### Assignment:
Give the entries again, exactly as they stand.

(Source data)
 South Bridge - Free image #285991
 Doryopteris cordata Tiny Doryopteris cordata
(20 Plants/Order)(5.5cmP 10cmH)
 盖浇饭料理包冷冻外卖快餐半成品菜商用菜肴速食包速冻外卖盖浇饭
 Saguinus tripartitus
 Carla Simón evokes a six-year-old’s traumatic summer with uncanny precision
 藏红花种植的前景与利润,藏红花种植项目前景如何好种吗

### Your solution:
 South Bridge - Free image #285991
 Doryopteris cordata Tiny Doryopteris cordata
(20 Plants/Order)(5.5cmP 10cmH)
 盖浇饭料理包冷冻外卖快餐半成品菜商用菜肴速食包速冻外卖盖浇饭
 Saguinus tripartitus
 Carla Simón evokes a six-year-old’s traumatic summer with uncanny precision
 藏红花种植的前景与利润,藏红花种植项目前景如何好种吗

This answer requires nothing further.